Innovation lies at the heart of Zang’s Cardio-Pad, but the entrepreneur-innovator was quick to secure intellectual property rights for his invention. He filed a patent for the Cardio-Pad (specifically the novel hardware/software combination constituting it) with the African Intellectual Property Organization (AIPO) in 2011. As Zang astutely observes, “patents enable you to protect yourselves against rivals who simply want to copy your work.” Zang further notes that the intellectual property system in Africa “helps us give credibility to African products” and has been instrumental as a validator as his company seeks investors to support its expansion. And that actually points to one of the most significant benefits of intellectual property rights for innovators: It affords them the ability to capture a reasonable share of profits from one generation of innovation to finance investments in the next.
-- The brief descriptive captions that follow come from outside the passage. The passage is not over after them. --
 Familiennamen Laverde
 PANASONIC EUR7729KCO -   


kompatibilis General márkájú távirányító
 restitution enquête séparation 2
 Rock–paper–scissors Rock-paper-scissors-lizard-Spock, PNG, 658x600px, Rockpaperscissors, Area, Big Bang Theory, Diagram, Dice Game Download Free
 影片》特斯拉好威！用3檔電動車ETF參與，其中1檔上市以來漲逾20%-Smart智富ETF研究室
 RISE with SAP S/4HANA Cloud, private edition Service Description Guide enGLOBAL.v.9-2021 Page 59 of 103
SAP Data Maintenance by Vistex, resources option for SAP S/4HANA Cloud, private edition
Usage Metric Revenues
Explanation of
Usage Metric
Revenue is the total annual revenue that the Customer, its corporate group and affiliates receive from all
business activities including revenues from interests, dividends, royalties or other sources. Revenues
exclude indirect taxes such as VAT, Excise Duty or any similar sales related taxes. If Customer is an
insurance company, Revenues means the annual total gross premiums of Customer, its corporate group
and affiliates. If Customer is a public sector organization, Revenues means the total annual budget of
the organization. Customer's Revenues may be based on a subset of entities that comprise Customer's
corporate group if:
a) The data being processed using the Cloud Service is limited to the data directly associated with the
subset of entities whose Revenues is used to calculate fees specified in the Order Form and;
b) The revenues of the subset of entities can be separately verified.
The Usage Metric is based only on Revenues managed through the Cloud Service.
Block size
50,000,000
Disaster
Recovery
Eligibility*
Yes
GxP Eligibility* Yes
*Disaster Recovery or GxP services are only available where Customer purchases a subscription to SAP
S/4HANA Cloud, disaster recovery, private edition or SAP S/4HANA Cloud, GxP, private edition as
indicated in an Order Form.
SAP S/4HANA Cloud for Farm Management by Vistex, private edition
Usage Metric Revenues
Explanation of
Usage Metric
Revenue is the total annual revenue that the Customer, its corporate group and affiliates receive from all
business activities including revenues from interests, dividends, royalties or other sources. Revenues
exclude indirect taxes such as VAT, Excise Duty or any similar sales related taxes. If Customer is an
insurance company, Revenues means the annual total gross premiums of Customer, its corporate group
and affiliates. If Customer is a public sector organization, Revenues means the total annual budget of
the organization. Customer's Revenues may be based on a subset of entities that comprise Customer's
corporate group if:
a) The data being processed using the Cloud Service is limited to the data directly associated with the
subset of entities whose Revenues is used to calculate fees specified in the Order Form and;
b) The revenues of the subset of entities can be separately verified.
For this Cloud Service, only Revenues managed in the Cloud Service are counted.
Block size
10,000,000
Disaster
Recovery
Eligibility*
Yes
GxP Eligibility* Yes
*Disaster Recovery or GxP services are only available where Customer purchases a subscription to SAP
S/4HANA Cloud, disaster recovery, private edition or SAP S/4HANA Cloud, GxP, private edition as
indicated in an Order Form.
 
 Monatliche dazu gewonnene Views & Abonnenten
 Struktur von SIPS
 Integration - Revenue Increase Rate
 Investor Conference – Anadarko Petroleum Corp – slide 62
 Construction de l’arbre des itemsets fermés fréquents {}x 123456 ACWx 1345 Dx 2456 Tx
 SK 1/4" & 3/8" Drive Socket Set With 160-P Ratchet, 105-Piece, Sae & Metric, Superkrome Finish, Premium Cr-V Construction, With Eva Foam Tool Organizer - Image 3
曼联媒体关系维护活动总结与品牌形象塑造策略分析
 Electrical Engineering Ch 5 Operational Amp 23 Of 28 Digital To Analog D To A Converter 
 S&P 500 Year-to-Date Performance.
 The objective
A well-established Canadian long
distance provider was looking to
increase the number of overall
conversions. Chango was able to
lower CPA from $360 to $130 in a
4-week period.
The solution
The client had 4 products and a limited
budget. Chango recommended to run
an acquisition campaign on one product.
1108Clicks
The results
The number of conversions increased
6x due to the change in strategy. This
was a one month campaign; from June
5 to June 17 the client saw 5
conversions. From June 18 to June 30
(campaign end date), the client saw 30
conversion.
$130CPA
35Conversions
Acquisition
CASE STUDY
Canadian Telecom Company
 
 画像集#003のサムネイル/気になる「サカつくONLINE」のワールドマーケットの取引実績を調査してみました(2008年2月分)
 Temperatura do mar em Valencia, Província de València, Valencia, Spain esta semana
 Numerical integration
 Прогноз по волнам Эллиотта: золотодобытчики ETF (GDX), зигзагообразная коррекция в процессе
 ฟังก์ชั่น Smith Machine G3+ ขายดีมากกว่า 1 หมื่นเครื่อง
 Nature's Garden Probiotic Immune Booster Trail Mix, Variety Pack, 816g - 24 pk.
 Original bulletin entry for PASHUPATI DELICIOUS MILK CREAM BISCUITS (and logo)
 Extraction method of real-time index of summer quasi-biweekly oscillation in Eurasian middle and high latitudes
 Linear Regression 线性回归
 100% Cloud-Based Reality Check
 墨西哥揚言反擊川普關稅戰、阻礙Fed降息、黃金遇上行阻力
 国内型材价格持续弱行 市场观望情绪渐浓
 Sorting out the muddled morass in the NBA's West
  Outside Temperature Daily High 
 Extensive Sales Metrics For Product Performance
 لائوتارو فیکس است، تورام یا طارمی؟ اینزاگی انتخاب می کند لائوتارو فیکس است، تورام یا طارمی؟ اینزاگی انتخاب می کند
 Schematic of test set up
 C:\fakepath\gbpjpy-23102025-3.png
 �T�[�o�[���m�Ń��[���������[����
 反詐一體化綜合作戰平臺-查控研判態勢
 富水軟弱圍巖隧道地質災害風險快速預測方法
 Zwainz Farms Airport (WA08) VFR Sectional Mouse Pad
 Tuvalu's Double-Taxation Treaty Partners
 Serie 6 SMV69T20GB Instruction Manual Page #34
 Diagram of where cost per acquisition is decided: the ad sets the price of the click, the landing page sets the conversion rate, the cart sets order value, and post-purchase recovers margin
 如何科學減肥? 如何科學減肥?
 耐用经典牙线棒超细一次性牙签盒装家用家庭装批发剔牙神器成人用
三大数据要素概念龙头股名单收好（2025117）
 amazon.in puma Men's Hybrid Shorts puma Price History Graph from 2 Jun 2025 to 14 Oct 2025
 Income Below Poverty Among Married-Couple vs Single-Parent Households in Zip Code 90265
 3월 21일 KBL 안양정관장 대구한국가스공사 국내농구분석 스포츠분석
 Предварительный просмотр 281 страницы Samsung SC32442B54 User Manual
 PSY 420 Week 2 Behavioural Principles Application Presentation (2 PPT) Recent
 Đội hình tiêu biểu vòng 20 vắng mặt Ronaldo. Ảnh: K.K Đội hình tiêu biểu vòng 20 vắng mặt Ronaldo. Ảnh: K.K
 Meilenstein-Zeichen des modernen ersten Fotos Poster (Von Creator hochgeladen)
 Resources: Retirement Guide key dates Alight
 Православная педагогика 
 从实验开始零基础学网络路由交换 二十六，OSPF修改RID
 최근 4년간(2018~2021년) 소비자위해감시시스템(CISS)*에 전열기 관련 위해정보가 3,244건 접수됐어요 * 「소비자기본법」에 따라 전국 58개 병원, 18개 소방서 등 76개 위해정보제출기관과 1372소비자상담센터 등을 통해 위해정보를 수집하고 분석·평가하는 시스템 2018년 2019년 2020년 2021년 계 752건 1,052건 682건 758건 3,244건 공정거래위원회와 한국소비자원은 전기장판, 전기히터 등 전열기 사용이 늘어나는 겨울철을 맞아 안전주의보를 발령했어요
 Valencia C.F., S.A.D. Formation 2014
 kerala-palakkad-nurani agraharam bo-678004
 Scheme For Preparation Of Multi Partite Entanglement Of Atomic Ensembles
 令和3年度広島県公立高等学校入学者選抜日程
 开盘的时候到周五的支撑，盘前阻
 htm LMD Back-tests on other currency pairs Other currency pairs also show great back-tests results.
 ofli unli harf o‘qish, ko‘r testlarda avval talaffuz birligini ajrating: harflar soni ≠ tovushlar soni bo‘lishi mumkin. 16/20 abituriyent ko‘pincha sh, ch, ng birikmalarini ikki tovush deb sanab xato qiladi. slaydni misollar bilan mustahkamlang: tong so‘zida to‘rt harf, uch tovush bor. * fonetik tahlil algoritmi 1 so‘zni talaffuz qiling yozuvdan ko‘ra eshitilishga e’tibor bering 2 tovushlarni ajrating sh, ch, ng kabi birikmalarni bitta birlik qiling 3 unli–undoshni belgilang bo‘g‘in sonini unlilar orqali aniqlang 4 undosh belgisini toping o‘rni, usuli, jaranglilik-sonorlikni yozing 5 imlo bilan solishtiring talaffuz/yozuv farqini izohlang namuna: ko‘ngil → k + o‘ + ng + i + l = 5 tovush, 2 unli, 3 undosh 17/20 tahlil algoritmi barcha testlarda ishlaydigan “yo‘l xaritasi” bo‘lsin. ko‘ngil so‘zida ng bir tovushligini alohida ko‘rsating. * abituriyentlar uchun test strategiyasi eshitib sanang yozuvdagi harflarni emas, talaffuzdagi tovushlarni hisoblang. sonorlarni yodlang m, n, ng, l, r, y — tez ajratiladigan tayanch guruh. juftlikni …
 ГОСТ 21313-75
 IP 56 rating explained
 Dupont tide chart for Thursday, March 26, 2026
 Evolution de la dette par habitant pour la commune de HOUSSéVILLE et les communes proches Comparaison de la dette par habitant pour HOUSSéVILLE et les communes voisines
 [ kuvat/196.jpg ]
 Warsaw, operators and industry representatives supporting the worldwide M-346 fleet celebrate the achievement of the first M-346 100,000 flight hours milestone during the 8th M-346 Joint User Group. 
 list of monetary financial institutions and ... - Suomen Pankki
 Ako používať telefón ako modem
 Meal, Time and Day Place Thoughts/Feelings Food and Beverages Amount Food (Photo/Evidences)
Indeed, Himore has leverage the core hardware/software technology behind the Cardio-Pad to develop additional products, such as ultrasound devices for scanning and radiology. Zang has also sought trademark protection for both the Cardio-Pad and his company, Himore Medical.
Zang hopes that Himore’s success with innovative, low-cost medical device solutions may give rise to a medical diagnostics cluster in Cameroon. He also attributes his success to the thoughtful innovation policies of Cameroon’s government, which provided him a modest €30,000 grant as a promising young engineer-entrepreneur (Zang initially conceived the Cardio-Pad at age 24) as part of a series of seed grants designed to bolster Cameroon’s startup and innovation economy. Mr. Zang has justifiably received numerous awards, including the 2016 Africa Prize for Engineering Innovation awarded by the UK’s Royal Academy of Engineering.
The Cardio-Pad provides an excellent example of how the convergence of advanced information and communication technologies, including semiconductor-enabled devices, wireless, software, algorithms, and big data, are enabling the creation of transformative healthcare technologies that improve the lives of citizens in developed and developing countries alike. It also shows the power of intellectual property to protect innovators and facilitate a virtuous cycle of innovation that enables them to continue developing innovative products and solutions that benefit citizens far downstream from the initial innovation.